TASK MATERIAL:
▶
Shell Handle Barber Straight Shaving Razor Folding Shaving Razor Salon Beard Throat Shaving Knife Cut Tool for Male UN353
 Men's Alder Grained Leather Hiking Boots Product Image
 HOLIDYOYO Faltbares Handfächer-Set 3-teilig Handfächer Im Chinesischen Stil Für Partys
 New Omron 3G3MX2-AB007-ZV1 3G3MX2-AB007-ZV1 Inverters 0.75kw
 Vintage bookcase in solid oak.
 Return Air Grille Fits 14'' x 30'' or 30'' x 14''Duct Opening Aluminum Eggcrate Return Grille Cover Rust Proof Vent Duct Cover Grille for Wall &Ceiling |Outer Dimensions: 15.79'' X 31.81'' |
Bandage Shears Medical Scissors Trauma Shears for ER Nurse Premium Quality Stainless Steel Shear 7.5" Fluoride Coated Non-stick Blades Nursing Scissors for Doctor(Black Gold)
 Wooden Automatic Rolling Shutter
◀
The answer must be the lines from the one containing "Vintage bookcase in solid oak." to the final line of the data above, copied exactly, both included, with nothing added.

 Vintage bookcase in solid oak.
 Return Air Grille Fits 14'' x 30'' or 30'' x 14''Duct Opening Aluminum Eggcrate Return Grille Cover Rust Proof Vent Duct Cover Grille for Wall &Ceiling |Outer Dimensions: 15.79'' X 31.81'' |
Bandage Shears Medical Scissors Trauma Shears for ER Nurse Premium Quality Stainless Steel Shear 7.5" Fluoride Coated Non-stick Blades Nursing Scissors for Doctor(Black Gold)
 Wooden Automatic Rolling Shutter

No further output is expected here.